Pod pomnikiem znajdował się wieniec oraz tabliczka z napisem: "Pamięci 95 ofiar Lecha Kaczyńskiego, który ignorując wszelkie procedury, nakazał pilotom lądować w Smoleńsku w skrajnie trudnych warunkach. Spoczywajcie w pokoju. Naród polski". Osoby, które ją ustawiły, podkreślały, że jej wartość jest szacowana na ponad 1 tys. zł, co oznacza, że jej zniszczenie będzie przestępstwem, a nie wykroczeniem.

Gdy Kaczyński pojawił się pod pomnikiem, obecni tam byli aktywiści oraz policja.

— Panie pośle, nie wiem, co pan chce robić, mam nadzieję, że nie ma pan zamiaru dokonać żadnego czynu, który byłby uznany za czyn zabroniony — zwrócił się do Kaczyńskiego policjant.
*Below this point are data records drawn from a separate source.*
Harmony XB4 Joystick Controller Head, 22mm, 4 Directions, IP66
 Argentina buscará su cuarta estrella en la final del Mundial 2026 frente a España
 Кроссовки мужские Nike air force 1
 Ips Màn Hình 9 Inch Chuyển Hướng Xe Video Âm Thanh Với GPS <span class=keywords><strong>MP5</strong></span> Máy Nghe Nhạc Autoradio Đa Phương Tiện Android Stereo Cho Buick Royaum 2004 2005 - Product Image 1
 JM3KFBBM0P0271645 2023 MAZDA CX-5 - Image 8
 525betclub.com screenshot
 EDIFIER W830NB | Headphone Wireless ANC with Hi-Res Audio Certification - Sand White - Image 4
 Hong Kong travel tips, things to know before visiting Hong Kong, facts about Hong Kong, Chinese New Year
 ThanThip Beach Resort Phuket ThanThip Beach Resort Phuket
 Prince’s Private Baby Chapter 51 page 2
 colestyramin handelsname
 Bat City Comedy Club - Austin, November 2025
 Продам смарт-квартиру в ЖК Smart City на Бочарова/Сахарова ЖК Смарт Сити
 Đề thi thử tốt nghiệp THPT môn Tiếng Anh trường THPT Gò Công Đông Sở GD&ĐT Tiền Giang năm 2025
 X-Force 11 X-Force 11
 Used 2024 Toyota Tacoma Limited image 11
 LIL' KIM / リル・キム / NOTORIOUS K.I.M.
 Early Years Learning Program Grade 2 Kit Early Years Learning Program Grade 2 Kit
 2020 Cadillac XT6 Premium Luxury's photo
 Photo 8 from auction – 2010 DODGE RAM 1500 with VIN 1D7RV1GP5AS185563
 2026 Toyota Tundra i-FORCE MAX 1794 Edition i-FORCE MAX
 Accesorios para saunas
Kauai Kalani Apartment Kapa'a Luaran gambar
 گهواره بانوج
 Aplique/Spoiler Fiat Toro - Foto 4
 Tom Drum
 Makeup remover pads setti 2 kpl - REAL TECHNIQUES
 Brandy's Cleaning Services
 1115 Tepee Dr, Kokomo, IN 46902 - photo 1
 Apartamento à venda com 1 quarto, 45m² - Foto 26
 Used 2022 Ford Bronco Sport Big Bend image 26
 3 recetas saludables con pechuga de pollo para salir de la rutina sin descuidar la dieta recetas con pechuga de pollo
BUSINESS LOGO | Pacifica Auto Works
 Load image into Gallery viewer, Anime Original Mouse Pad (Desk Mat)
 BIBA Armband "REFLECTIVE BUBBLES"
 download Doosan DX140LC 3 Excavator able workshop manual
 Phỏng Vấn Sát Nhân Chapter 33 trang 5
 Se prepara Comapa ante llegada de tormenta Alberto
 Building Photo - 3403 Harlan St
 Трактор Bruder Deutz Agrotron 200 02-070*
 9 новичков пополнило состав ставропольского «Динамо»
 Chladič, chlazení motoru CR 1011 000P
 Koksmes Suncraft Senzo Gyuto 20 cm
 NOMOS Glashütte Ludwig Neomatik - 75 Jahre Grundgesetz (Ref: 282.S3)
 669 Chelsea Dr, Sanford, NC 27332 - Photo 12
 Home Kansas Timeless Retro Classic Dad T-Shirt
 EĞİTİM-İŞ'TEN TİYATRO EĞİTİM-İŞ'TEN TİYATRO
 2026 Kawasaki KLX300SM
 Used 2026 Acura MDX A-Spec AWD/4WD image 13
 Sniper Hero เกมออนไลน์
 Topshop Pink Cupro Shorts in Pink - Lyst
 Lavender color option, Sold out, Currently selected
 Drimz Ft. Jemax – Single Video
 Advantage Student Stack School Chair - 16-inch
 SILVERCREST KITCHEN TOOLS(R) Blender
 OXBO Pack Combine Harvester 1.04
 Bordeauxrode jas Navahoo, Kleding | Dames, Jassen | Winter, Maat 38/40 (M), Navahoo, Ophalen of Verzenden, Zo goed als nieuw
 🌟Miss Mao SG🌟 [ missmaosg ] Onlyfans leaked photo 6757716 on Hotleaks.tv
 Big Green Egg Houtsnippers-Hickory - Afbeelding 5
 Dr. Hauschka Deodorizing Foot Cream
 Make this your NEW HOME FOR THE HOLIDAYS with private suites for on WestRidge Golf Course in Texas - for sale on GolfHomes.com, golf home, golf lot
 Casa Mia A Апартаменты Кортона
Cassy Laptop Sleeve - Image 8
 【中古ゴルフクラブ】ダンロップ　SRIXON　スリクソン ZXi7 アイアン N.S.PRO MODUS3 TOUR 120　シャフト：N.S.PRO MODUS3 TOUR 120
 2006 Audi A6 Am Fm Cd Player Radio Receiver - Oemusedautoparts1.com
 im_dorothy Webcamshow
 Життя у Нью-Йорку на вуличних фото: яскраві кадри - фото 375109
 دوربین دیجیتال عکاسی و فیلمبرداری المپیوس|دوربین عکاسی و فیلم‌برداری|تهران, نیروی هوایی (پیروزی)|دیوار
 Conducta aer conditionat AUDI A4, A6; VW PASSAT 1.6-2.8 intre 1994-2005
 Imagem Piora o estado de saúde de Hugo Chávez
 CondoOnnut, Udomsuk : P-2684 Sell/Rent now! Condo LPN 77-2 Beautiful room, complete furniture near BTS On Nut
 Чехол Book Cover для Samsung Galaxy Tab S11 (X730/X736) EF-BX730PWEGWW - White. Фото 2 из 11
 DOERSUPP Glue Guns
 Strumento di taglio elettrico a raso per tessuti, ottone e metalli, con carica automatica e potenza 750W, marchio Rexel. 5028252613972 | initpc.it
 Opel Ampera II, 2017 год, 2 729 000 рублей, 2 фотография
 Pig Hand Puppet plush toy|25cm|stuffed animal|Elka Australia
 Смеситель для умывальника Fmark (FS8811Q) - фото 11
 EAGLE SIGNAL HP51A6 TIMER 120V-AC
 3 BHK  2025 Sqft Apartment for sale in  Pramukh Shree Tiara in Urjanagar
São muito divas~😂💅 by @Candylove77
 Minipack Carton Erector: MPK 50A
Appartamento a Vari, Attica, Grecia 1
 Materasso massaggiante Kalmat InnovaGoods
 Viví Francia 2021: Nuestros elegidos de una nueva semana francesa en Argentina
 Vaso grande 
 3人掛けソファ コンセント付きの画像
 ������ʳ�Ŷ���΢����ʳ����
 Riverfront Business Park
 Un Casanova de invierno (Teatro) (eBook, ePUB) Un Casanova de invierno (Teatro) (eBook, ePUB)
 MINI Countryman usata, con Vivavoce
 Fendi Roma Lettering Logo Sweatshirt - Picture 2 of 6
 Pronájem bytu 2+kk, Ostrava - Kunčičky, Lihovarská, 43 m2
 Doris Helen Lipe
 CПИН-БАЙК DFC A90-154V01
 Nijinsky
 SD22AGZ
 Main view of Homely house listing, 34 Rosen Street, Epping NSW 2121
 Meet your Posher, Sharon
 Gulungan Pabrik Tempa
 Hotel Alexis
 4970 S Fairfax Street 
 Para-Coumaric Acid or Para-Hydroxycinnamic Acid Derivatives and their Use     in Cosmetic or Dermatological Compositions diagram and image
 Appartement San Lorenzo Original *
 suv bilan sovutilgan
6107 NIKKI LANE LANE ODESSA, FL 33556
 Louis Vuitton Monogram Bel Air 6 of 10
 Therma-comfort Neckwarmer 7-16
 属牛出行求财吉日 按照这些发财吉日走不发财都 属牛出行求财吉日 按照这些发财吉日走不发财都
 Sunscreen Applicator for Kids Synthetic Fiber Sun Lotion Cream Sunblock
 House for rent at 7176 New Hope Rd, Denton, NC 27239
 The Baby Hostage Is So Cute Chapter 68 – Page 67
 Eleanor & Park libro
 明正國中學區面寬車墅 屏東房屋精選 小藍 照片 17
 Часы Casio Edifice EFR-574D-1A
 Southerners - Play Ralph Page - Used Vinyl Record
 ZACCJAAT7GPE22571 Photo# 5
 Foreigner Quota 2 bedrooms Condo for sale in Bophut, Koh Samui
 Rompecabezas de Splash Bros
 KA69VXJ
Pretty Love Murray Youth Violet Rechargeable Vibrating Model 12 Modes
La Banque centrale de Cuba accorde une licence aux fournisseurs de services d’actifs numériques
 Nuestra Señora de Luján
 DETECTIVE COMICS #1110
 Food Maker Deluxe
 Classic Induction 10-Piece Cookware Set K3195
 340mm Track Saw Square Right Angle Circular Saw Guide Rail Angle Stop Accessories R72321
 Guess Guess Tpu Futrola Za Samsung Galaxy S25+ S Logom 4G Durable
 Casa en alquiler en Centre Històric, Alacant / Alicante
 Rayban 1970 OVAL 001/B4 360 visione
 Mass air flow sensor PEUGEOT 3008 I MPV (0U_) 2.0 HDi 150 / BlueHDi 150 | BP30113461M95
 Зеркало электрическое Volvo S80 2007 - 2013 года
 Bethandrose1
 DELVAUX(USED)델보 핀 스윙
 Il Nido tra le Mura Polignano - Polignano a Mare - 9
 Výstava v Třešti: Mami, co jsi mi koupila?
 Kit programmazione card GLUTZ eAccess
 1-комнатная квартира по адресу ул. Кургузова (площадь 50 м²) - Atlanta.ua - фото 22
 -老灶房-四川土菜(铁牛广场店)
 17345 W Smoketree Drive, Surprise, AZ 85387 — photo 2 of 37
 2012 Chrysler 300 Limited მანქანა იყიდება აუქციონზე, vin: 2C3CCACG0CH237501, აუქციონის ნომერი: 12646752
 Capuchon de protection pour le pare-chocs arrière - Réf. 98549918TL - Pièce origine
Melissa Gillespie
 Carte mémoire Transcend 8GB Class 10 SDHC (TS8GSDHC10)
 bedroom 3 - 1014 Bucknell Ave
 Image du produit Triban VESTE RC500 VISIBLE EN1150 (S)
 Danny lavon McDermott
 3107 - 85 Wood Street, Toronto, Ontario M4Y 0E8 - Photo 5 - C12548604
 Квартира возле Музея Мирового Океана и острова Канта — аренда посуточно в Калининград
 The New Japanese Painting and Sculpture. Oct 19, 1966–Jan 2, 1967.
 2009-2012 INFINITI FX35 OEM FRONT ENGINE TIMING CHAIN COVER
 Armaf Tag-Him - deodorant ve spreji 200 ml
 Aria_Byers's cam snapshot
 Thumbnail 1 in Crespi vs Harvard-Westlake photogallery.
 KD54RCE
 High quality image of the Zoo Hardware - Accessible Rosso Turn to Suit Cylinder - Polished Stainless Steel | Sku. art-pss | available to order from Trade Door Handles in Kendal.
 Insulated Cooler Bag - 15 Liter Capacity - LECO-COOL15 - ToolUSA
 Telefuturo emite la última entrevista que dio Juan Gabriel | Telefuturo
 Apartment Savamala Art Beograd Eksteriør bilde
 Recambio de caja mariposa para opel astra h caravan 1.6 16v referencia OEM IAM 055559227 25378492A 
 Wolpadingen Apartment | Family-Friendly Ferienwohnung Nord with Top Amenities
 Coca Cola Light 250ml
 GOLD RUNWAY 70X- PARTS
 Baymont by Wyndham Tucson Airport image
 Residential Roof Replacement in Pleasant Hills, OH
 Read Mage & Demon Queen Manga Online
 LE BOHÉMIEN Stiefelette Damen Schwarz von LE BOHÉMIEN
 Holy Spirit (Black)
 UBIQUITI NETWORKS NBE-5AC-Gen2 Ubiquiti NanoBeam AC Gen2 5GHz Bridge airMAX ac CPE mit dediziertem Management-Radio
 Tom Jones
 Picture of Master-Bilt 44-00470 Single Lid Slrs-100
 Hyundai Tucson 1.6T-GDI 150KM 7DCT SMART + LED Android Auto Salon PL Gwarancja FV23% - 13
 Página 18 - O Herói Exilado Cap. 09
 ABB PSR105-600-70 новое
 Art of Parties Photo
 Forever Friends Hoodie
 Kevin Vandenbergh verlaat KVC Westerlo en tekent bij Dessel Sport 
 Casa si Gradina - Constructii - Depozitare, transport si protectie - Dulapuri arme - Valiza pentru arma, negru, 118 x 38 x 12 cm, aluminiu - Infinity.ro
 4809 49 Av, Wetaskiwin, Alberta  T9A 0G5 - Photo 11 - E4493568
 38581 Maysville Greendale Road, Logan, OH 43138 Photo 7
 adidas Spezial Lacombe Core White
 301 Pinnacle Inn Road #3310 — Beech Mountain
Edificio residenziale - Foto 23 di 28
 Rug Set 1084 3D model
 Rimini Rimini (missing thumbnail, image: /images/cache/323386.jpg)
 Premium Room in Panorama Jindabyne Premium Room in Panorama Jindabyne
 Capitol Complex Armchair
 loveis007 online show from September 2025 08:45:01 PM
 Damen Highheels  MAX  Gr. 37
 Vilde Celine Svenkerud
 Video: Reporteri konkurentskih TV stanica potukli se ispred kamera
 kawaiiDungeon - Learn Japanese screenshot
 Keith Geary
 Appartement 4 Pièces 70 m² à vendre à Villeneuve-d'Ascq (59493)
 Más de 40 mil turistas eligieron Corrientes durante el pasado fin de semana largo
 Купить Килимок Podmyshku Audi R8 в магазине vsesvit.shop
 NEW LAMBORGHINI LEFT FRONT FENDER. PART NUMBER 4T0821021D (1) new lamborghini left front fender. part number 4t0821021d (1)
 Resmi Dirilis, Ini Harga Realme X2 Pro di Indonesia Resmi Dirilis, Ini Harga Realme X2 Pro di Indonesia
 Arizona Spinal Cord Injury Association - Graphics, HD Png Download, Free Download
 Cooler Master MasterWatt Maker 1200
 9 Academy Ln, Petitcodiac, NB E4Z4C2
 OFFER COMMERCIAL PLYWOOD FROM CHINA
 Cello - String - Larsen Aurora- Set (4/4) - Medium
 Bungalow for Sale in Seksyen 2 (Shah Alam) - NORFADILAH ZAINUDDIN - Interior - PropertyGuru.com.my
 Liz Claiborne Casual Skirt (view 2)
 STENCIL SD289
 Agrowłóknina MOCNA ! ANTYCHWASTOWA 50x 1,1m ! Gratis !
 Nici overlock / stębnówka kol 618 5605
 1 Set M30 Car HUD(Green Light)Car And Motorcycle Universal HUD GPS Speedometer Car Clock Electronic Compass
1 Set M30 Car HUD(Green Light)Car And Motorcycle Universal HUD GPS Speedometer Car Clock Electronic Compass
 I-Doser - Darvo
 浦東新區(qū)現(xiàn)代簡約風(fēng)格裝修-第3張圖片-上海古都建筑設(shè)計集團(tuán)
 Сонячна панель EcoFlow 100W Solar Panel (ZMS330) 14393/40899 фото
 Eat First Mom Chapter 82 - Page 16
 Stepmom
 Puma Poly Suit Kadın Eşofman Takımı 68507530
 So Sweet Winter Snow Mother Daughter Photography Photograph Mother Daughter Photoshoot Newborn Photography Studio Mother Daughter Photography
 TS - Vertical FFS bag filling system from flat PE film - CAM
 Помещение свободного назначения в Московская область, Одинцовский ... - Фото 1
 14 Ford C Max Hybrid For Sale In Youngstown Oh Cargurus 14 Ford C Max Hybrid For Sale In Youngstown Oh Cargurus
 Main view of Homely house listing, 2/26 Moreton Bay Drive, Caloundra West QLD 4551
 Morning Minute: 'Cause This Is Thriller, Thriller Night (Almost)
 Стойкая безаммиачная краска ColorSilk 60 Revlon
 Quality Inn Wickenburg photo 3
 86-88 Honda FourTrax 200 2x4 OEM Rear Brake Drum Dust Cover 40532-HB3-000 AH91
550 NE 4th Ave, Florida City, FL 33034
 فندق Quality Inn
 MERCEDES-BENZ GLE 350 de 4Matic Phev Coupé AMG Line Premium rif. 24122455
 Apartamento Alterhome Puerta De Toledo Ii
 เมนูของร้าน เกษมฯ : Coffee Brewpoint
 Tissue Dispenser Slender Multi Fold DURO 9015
— Pan żartuje. A to nie jest czyn zabroniony? — pytał Kaczyński, wskazując na wieniec i tabliczkę.

— Nie wiem. Są wyroki sądów, że nie jest. Jeżeli uważa pan, panie pośle, że tak jest, może pan złożyć zawiadomienie do prokuratury, że tak jest — odpowiadał policjant.

— Ja nie widzę powodu, żebym miał takie coś tolerować — odparł Kaczyński i podszedł do wieńca.

— Panie pośle, jeżeli pan coś zrobi, zostanie sporządzona stosowna dokumentacja — próbował interweniować policjant.

— Panie pośle, bardzo pana proszę — apelował policjant do Kaczyńskiego, któremu towarzyszyli m.in. Antoni Macierewicz, Mariusz Błaszczak, Zbigniew Rau, Stanisław Karczewski i Marek Suski.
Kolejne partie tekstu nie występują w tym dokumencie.